▶ Your assignment:
The answer must consist only of the lines in the records below from the line with "Restaurante 34_Nerja_slider_image_1" to the line with "Ce**e medium Ce**e victoire bag", both included, copied word for word with every picture left out.

▶ Data to examine:
━━━━

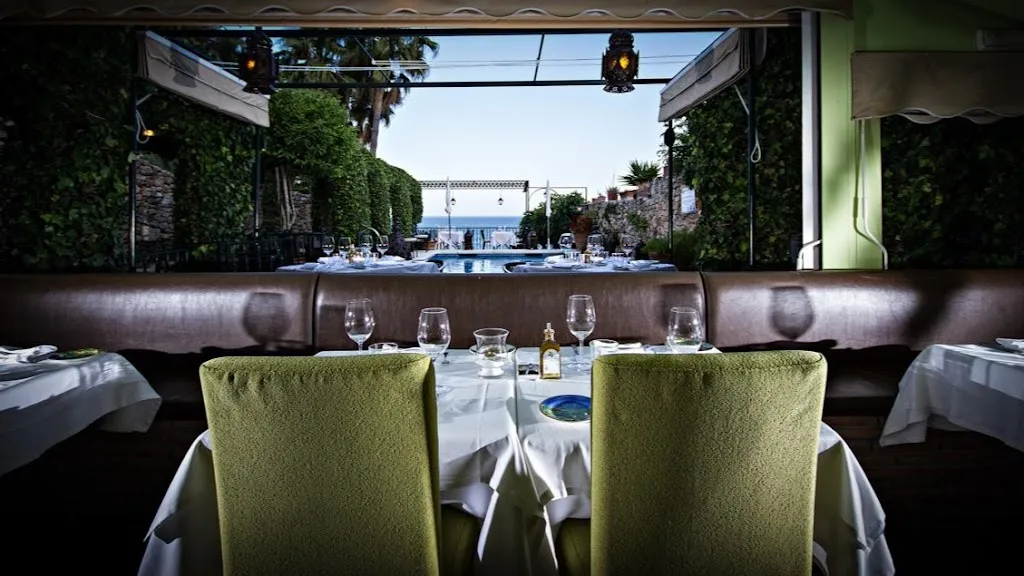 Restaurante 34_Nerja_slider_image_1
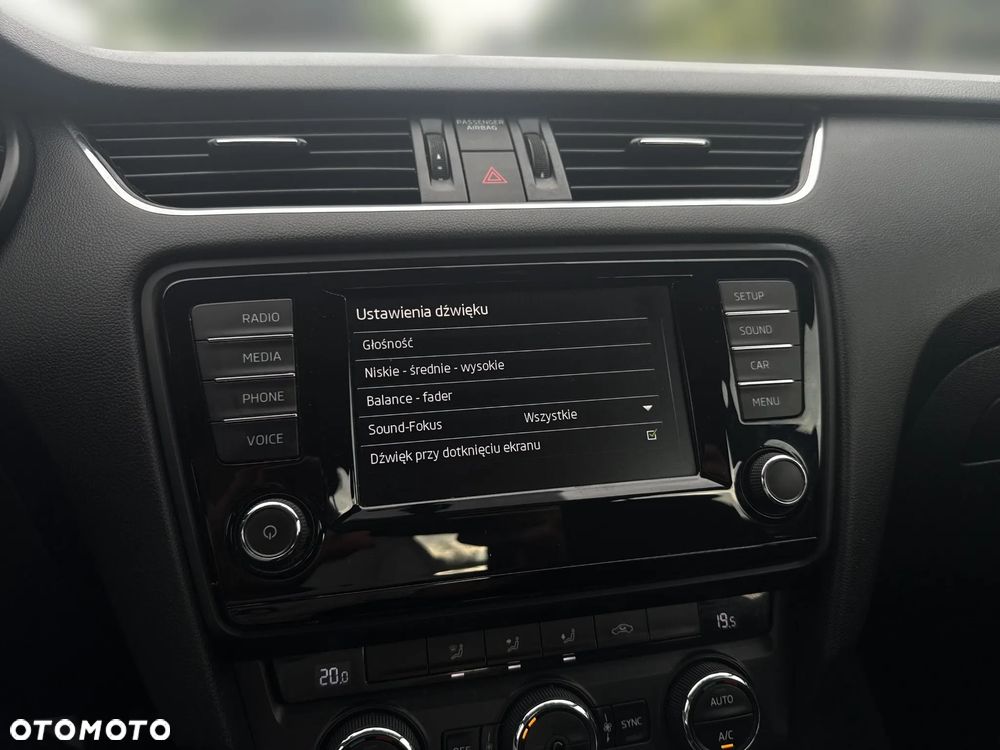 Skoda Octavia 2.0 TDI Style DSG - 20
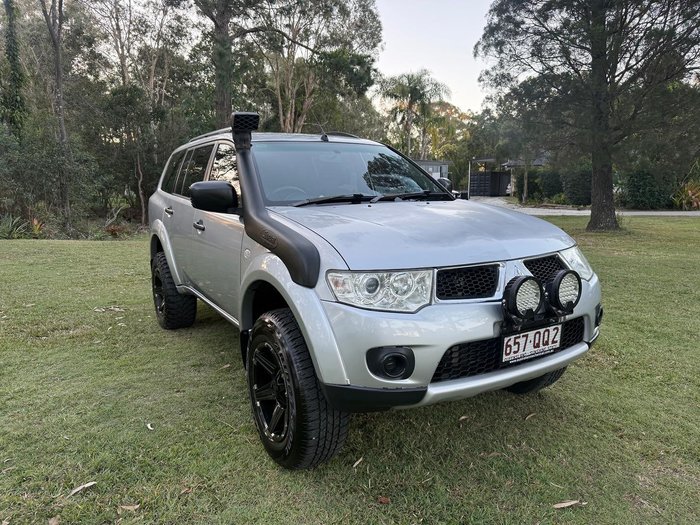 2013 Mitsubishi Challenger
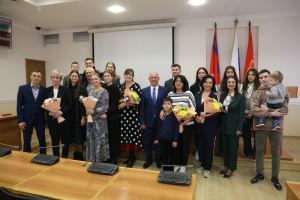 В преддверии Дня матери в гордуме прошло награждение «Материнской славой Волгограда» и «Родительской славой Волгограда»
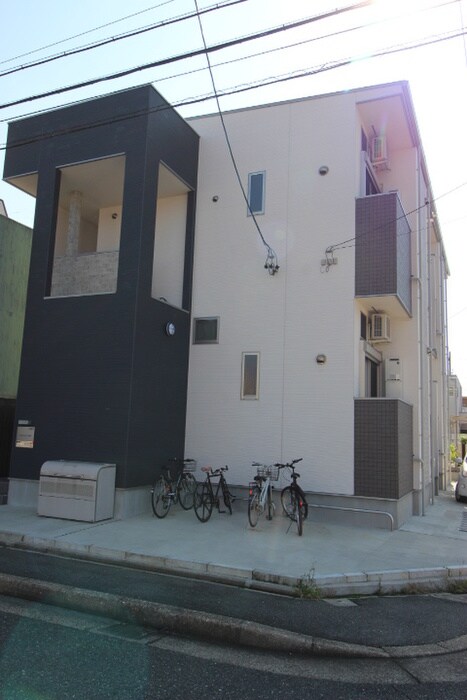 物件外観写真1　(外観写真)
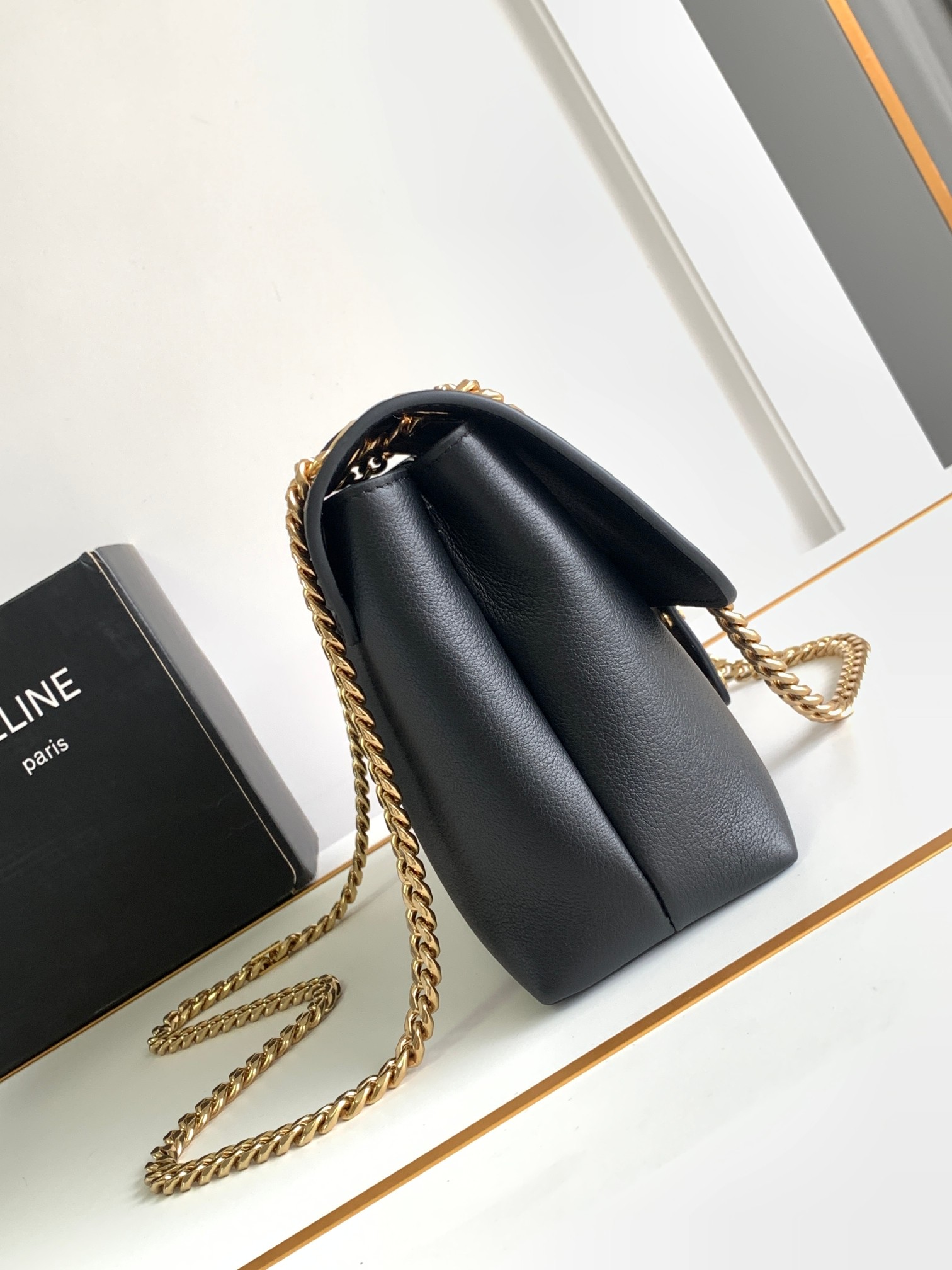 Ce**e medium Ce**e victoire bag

━━━━

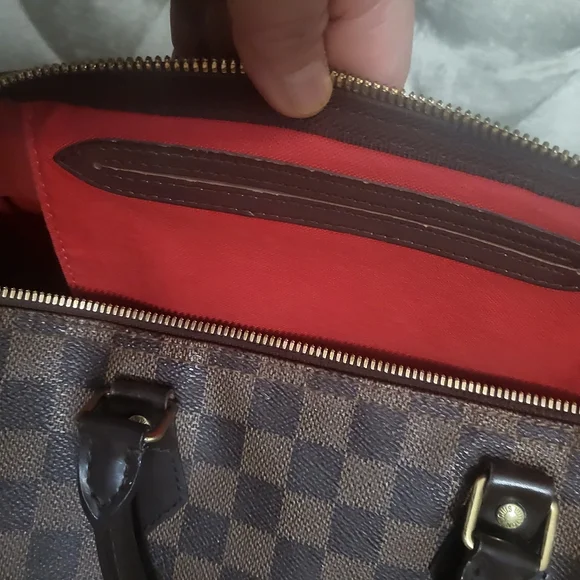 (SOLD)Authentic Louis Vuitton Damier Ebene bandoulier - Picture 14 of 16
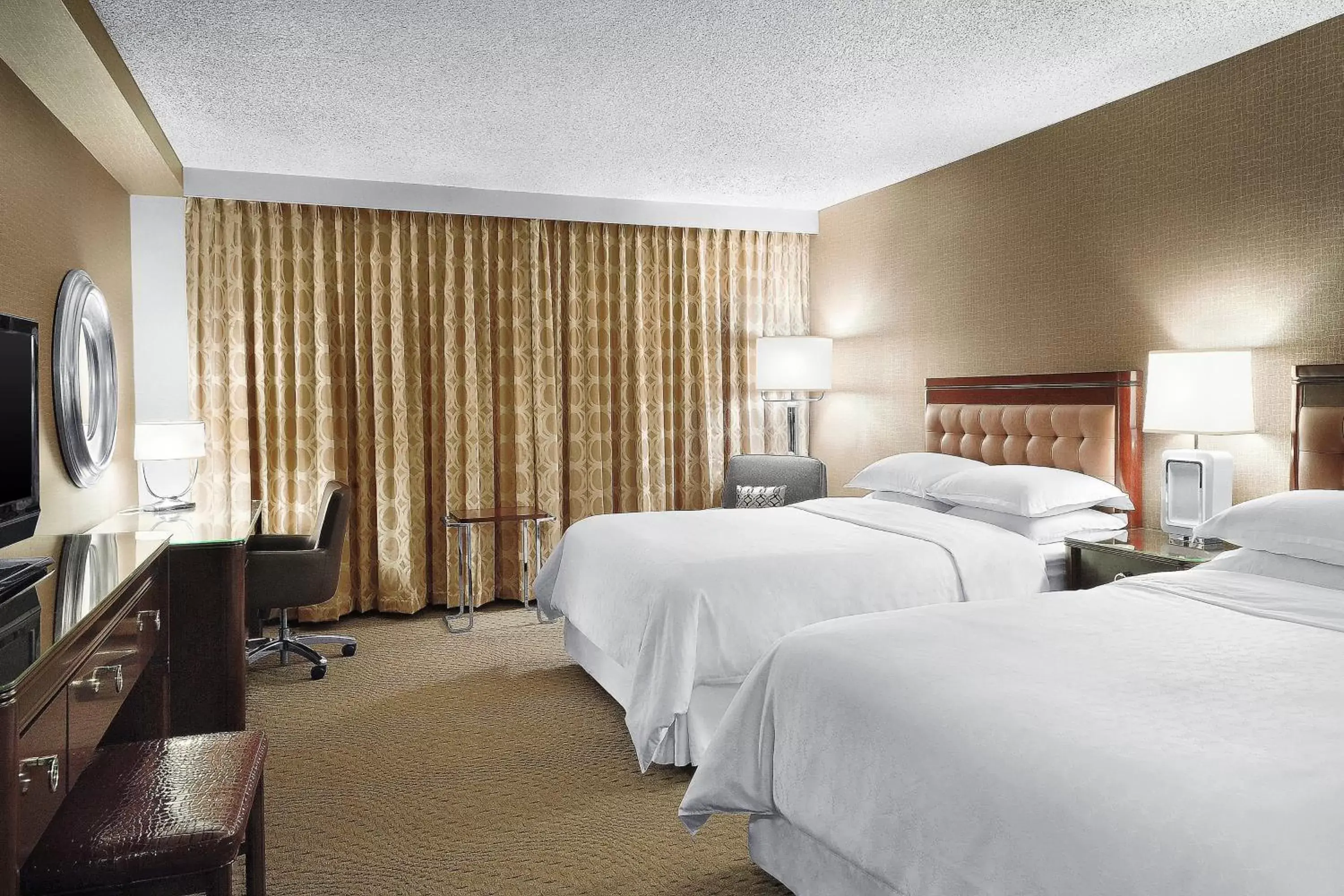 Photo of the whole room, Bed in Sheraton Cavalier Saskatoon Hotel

━━━━

▶ Solution:
 Restaurante 34_Nerja_slider_image_1
 Skoda Octavia 2.0 TDI Style DSG - 20
 2013 Mitsubishi Challenger
 В преддверии Дня матери в гордуме прошло награждение «Материнской славой Волгограда» и «Родительской славой Волгограда»
 物件外観写真1　(外観写真)
 Ce**e medium Ce**e victoire bag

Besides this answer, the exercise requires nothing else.